I love a good storage story. Its interesting that they still put them behind a couple of gigabit network ports. Using the native network (2 x 1GbE) it would take more than a week with those interfaces on full dump to get a full load off or on to a pod.
I had an ultimately unrewarding conversation with Sean Quinlan (of Google GFS fame) about the futility of putting a lot of storage behind such a small channel (in Google's case the numbers were epicly Google of course but the argument was the same). You waste all of the spindles because the operation rate (requests coming into the channel) vs the amount of data ops needed to satisfy the request, basically leave your disks waiting around the next request to come in from the network. (btw that allows you to make a nearly perfect emission rate scheduler for disk arms but that is another story).

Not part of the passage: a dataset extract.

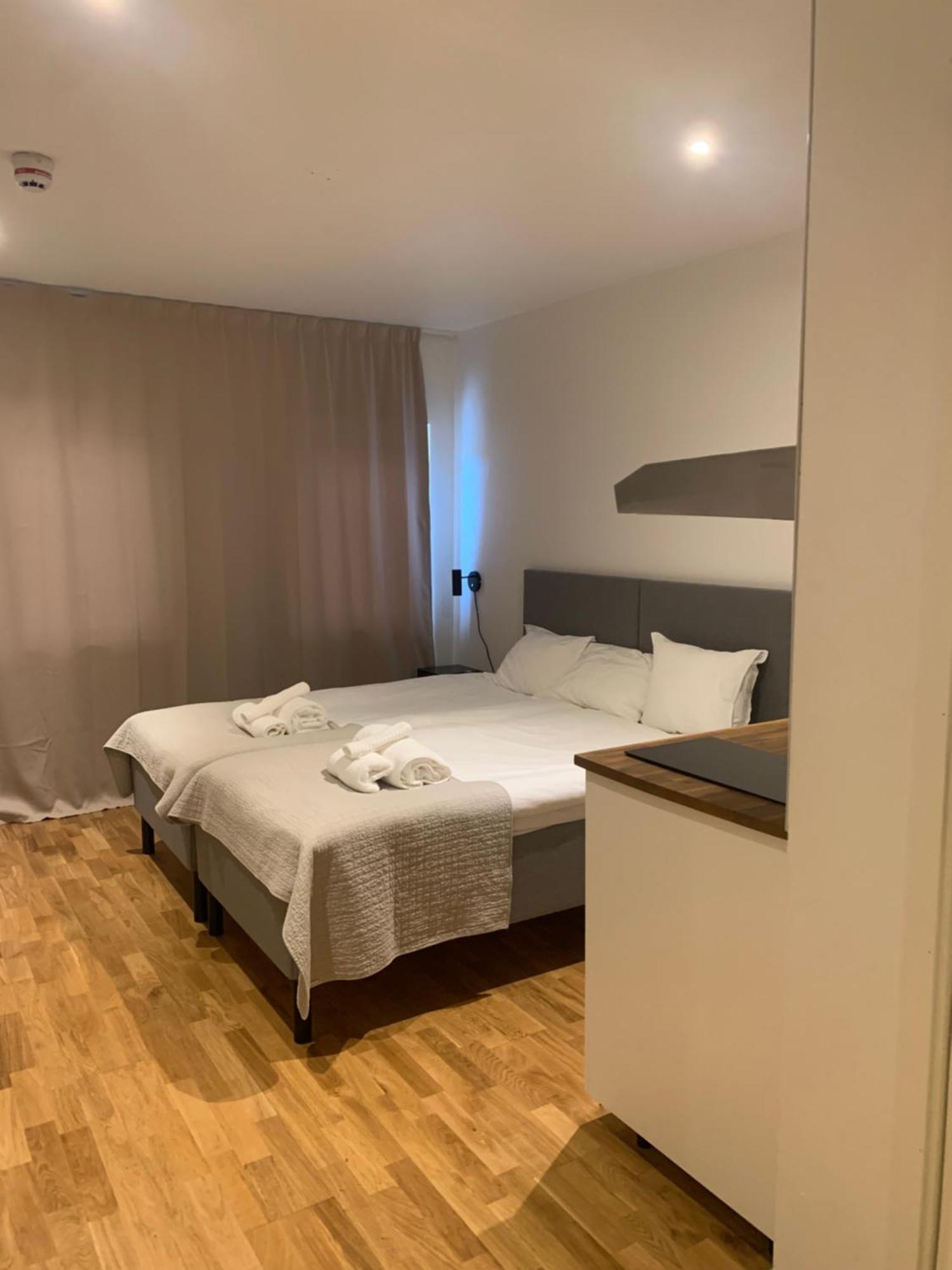 Edsviken Hotell Ab Sollentuna Esterno foto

What this means is that petabyte pods are going to be nearly useless, although with an external index they can be dense.
I could see it being a problem for Google, but Backblaze wants these for archival purposes, not something where there is going to be a lot of reading and writing. The write rate is going to be whatever speed their users upload stuff, divided by the total number of their storage pods. I assume this is relatively small. The read rate is going to be whatever speed their users download restores, divided by the total number of storage pods, which is probably much smaller still.
The assumption here is that data is kept for a long time relative to how frequently it's written and read, so the IO speed probably isn't that big of a deal.

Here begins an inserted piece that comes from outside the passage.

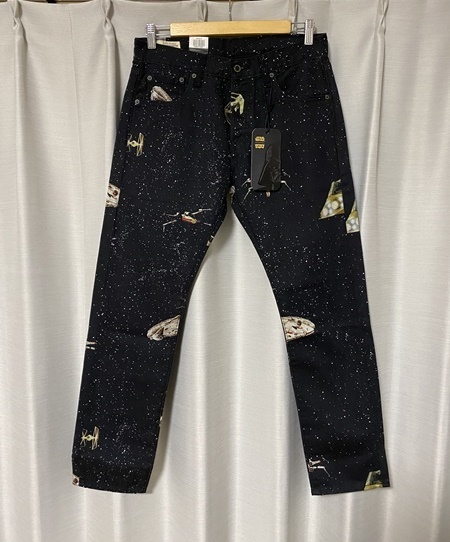 未使用タグ付き☆【LEVI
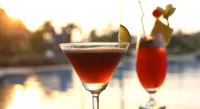 Glorious Hotel & Spa - bar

No. As you said port speed doesn't matter for data at rest. What matters is ingest/exfil of data due to "exceptional" conditions. Prime cases are cluster/mirror failure. Remirroring existing data to another pod is port limited, as is ingest for pods that are remirror targets.
Is there any reason the sources and targets couldn't both be thoroughly distributed throughout the cluster? Nothing says hard drives have to be perfectly replicated, you just need multiple copies of the data. I'm imagining that a HD dies, and the extra copies of what it contained are scattered all over. You re-replicate them by scattering them further all over. No one pod has to move any substantial amount of data.
Sure. You can absolutely replicate chunks. But you start kicking the problem upstream. A rack down is a couple pb, so you start doing a ton of cross rack transfers to get your replica counts back up. Now you're gated on nic/TOR/agg switch throughput. A DC down and you're gated on nics TORs Aggs & intra DC network. And this keeps adding up $$$ the further you get.
Ms had an interesting paper on data locality in storage last year. Can't recall the title offhand though.